Each grandkid trip has its own flavor. This year, Yme and I were still on the edge of jet lag and pretty exhausted from our trip. Thankfully, my nephew is a very chill kid. We cooked a lot, spent a day playing under big trees and along the seashore, hung out in my studio making art, lounged in the hammock, went to a couple of potlucks (where he was the only kid, which meant he got to have as much time on his Nintendo Switch as his gaming heart desired), and visited the comic book and toy stores. He wanted to cook something using Flamin’ Hot Cheetos as an ingredient, so we made Cheeto-breaded mozzarella sticks. I admit that Cheetos are my snack-food weakness, but I was skeptical about using crushed fire-engine red Cheetos as a main ingredient. Turns out, it was delicious, and my nephew’s excitement about our food experiment added to the joy of the experience.
We dropped my dad and nephew off at the airport two days ago, and I can feel myself melting a little bit. The exhaustion from our trip to Yme’s father never dissipated, and now that there are no distractions or kids to keep company, I feel fuzzy-brained and tender. I want to retreat.
I noticed that last week I was doing that thing I do after a long trip–I was working in the house instead of going out to my studio. When we returned from walking the Camino de Santiago, it took me a couple of months to leave the house and start working in my studio again. That was the first time I felt the urge to empty the studio out, to create a clean slate for the new project I felt brewing. But winter got busy with work, and spring was consumed with one Crohn’s-related health issue after another. My studio began to feel stagnant, a place of stuckness rather than a creative retreat.
Back in December, about a month after our return home, I wrote about avoiding my studio:
I love my studio. I love how it smells, how it feels. I love that it is mine alone, but since we’ve returned home, I’m avoiding it. Instead, I’ve been writing in the front room of the house. Jenn asked me if the house feels like companionship because it's a shared space. Yes, 100%. Even as I feel parched from the need for solitude, I’m not quite ready to be alone with the new thing that is brewing in me. Although I might be alone in the house while writing, I’m sitting in the space Yme and I have made into something that feels like ours, and I need to be held by an ours for a little longer before I can do the work that I know is mine alone. When that time comes, my little studio will welcome me with its view of the maples and the sleeping garden beds.
Yesterday, while Yme slept in the hammock, I finally emptied out my studio. I took out the rugs and cleaned them. I swept and dusted and mopped. I moved my desk, so I now sit with a view from the garden-side window. As I write this, I can smell the jasmine that grows around the window and hear the thrumming buzz of a hummingbird nearby. Bees are collecting nectar from the fennel, and the sun filters softly through the jasmine leaves, warming my fingers as I type.
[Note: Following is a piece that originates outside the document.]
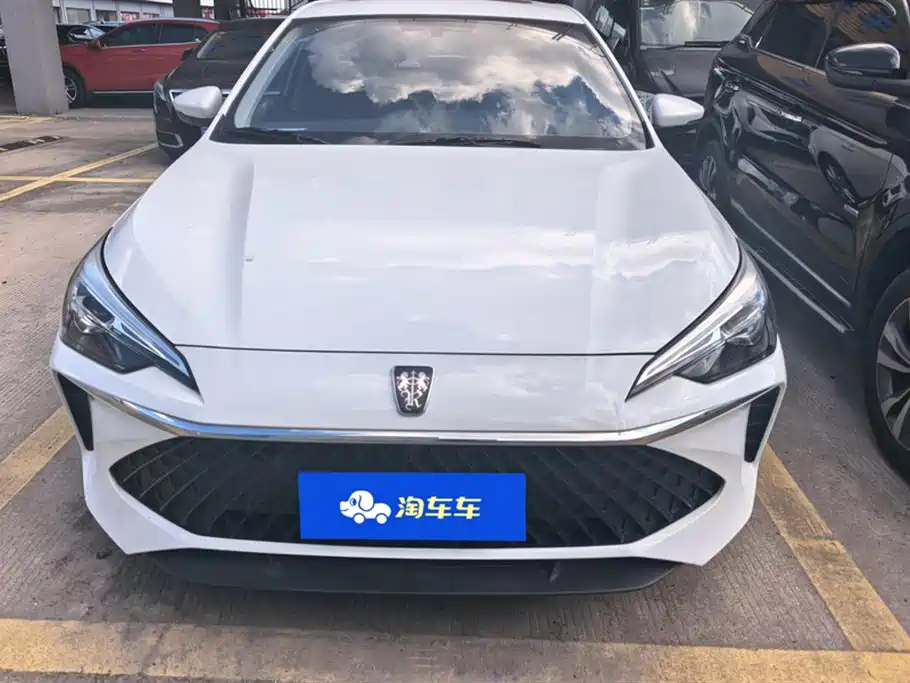 Roewe i5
I’ve been thinking about a nap all afternoon, but instead, I find myself wrapped up in reorganizing the studio. I’m enjoying listening to the world move along without my participation--kids are playing outside; someone is using a saw, and someone else is mowing; delivery trucks are making their rounds, and dogs are barking.
I’ve started taking down the images and words on the back wall of my studio, my idea wall. I’ve been gathering ideas here for two years, and in those two years, my collaboration with Jenn (and our growing philosophy of Joyful Practice) was birthed. Now it's time to let in the project I felt brewing after our return from the Camino. I’m turning my studio into a new cocoon, making a space for recovery and rest. It's time to rebuild my reservoir of joy. It's time for solitude and ambling around creatively without a particular destination in mind. This new project isn’t ready to be looked at directly. It is like a scared animal. I’m creating the environment it needs to open up and show me its soft underbelly.
Tomorrow, Jenn and I officially start our weekly day of Joyful Practice. This, too, is an emergent space. What will happen when we spend time together creating? How will this new creative practice with Jenn and this new project that’s been waiting in the wings feed one another?